The derived AWD control has been assessed by simulation in a non-linear full vehicle model with 14 degrees of freedom and by using the driving maneuver “Power On Cornering“ (PON), which means an acceleration out of steady-state circular motion.

8. Conclusions and Outlook

As the essential benefit, the developed all-wheel-drive (AWD) control enables a maximum spread between driving stability, agility and traction under combined vehicle dynamics when using wetness information. With the newly introduced wetness coordination unit, the derived AWD control no longer just takes into account the current friction coefficient. The adhesion limit is important in order to calculate the current usage of the longitudinal force potential of the tyres. However, this only ensures that the maximum traction potential of the tyres is not exceeded. The wetness coordination unit now enables the driving dynamics targets to be adjusted using the wetness information within the frictional adhesion limits. All of this is done through AWD control using only a few additional and physically interpretable key parameters and without significantly increasing the controller complexity.

As a result, on dry roads the derived control concept shows a rear-biased drive torque distribution (DTD) at low and medium requested drive torques. At low accelerations $a_x$ below 0.25 g, the vehicle even operates as a pure rear-wheel-drive (RWD) vehicle. This decreases the mechanical component stress of the clutch and it reduces the occurring power loss. Only when the accelerator pedal is raised, the DTD increases to such an extent that the vehicle does not become unstable under full throttle.

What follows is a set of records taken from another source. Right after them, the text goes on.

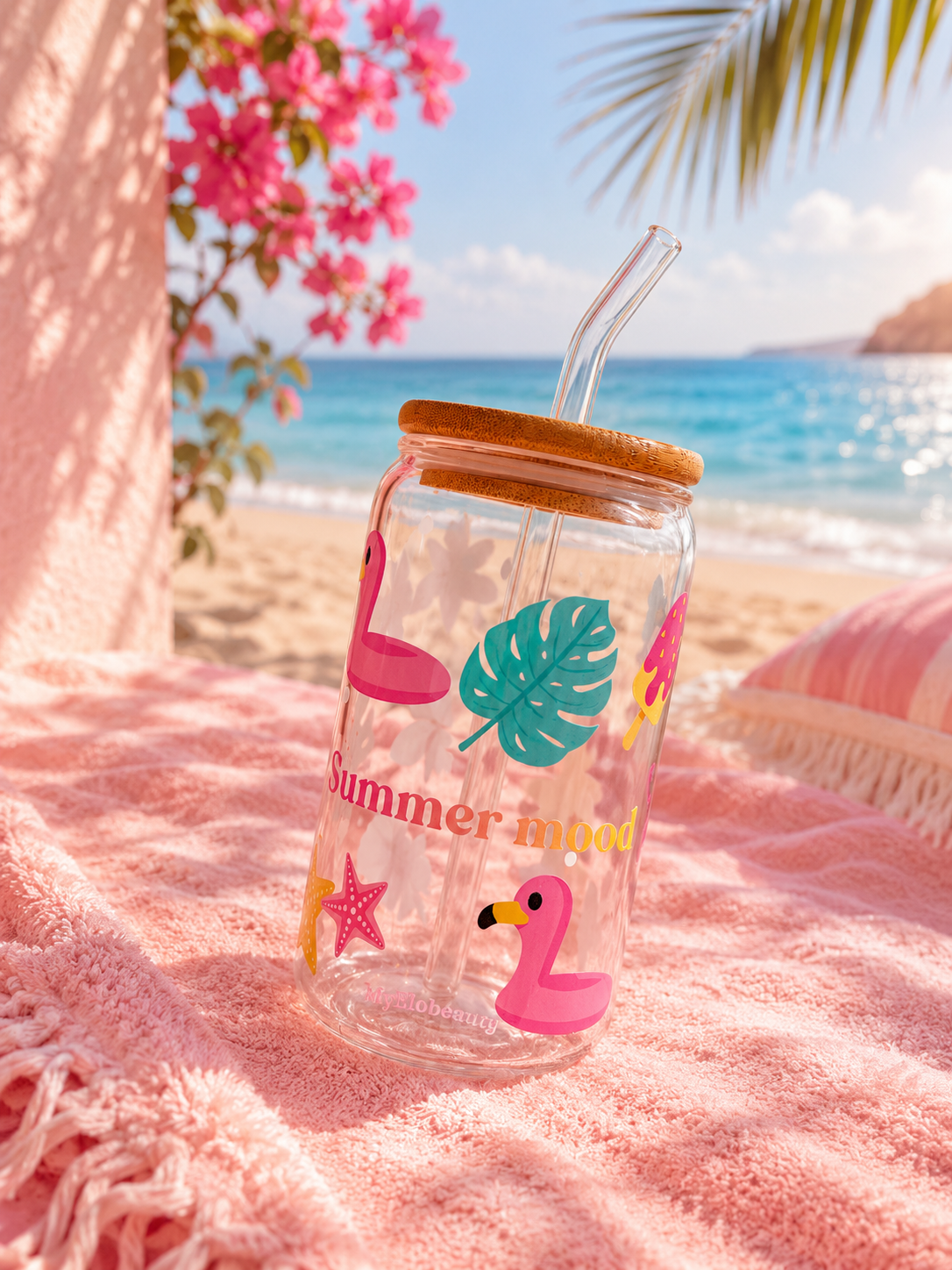 Verre MyElobeauty Summer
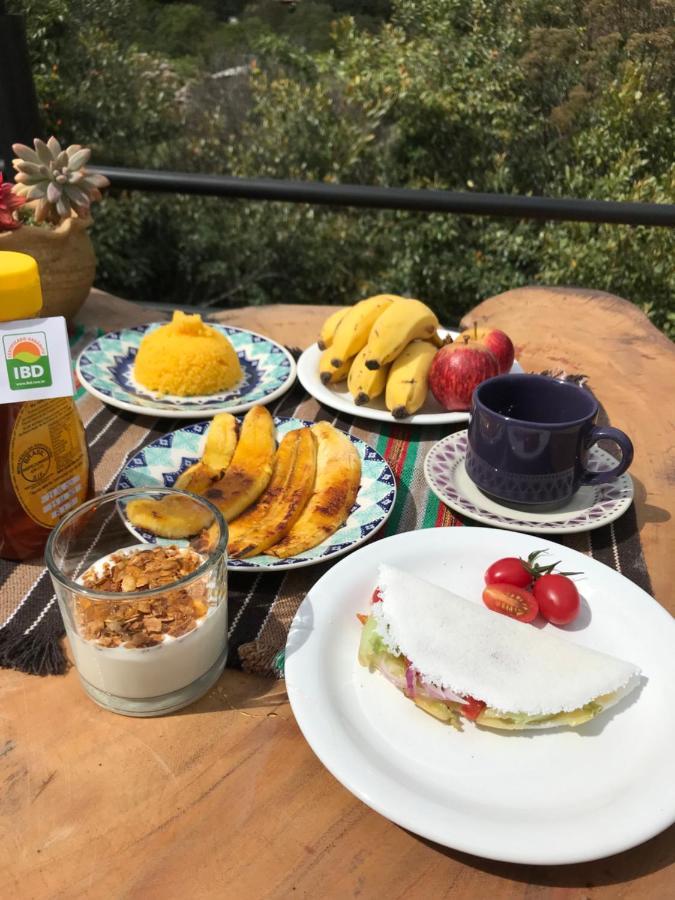 Entre Montanhas Capao Hotel Vale do Capao Ngoại thất bức ảnh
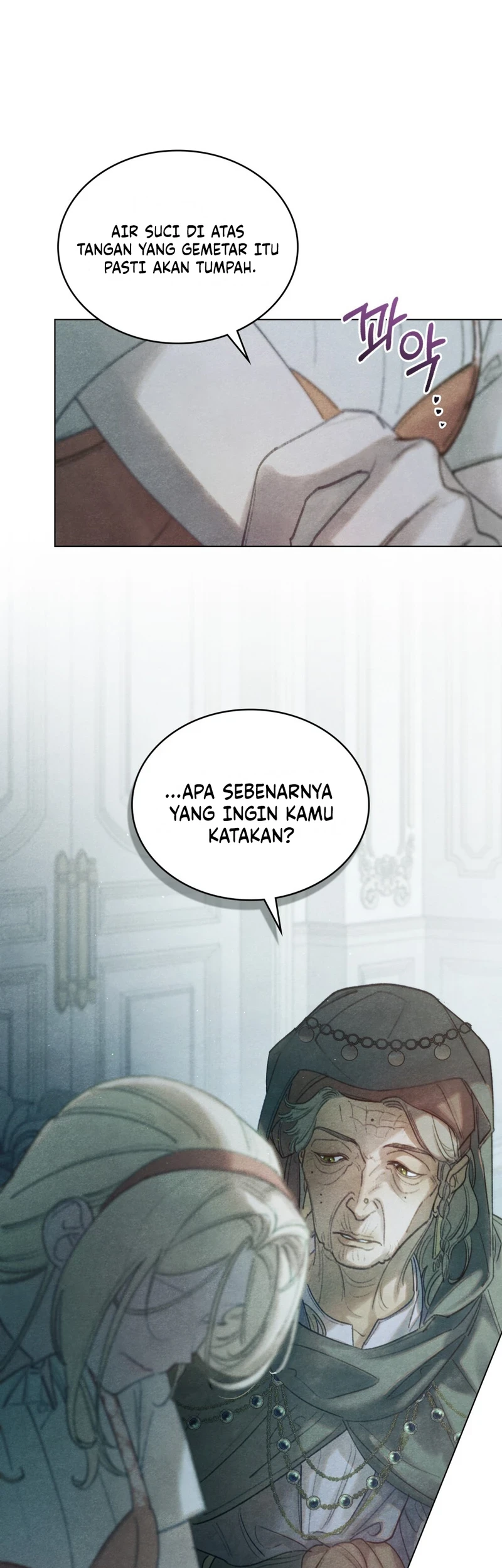 In the Garden of May Chapter 14 - halaman 13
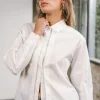 Tops & Shirts*Freeman T. Porter Chelina white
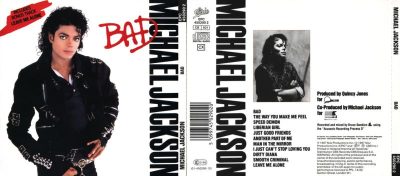 Michael Jackson – Bad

On wet roads the limit of vehicle stability can be shifted towards higher longitudinal accelerations by the adaption of the new calibration parameters. At the same time, traction is improved and the vehicle achieves higher longitudinal acceleration values. The vehicle stability limit was only reached when the accelerator pedal actuation is more or equal to $\tau =80\%$. Another advantageous point is the yaw dampening effect of the increased AWD torque. When considering the amount of drive torque distribution, it also shows that if the friction potential is used to a small extent (low longitudinal accelerations), only a low AWD torque is required. This was one of the basic properties of the basic AWD control, which was retained after the expansion of the AWD torque control for wet conditions. With low drive forces, this relieves the mechanical component stress of the clutch—even in wet conditions.

In summary, it can be stated that the extended approach fulfills the primary requirements made previously. As already supposed, it was not enough to adjust the assumed global friction potential in the controller; the driving dynamics targets in wet conditions must also be adjusted. The approach also fulfills the secondary requirements, especially when the vehicle is still far enough away from the vehicle stability limit.

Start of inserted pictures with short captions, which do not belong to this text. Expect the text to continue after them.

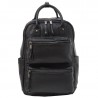 Кожаный рюкзак BUFFALO BAGS M2262A черный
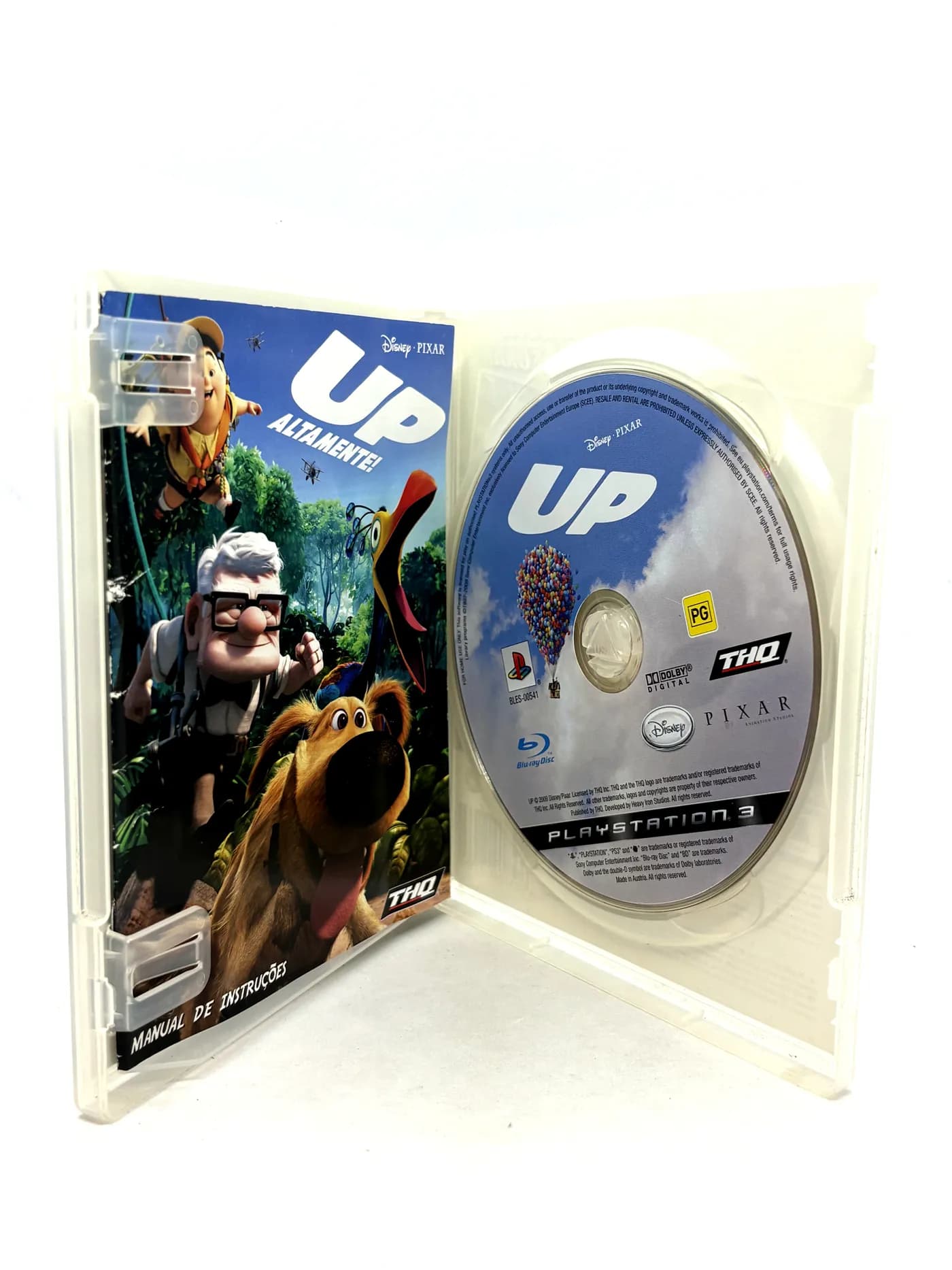 Disney Pixar UP! PS3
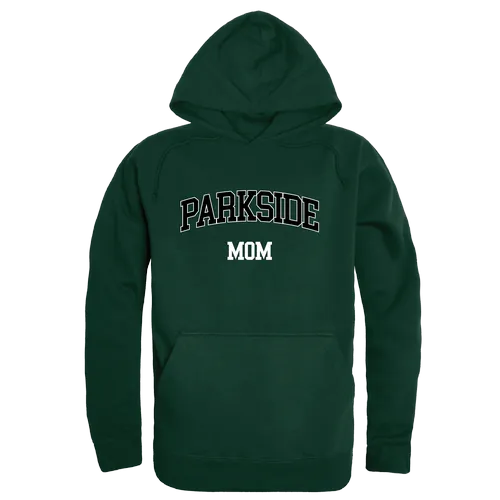 W Republic UW Parkside Rangers Mom Hoodie 565-608. Decorated in seven days or less.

For subsequent investigations, further control systems with great influence on driving stability in the vehicle dynamic limits should be included in the concept. As a first suggestion the AWD control should be especially extended and examined for torque vectoring systems, which enable a lateral torque distribution in addition. Then as a next step, the influence of an active roll torque distribution system can be taken into account. As soon as the number of control systems increases, the classic control scheme as presented here must then also be compared with approaches from central control and with approaches from optimal control, which are especially advantageous for quadratic multiple-input–multiple-output systems [30] or even for overactuated systems [31,32].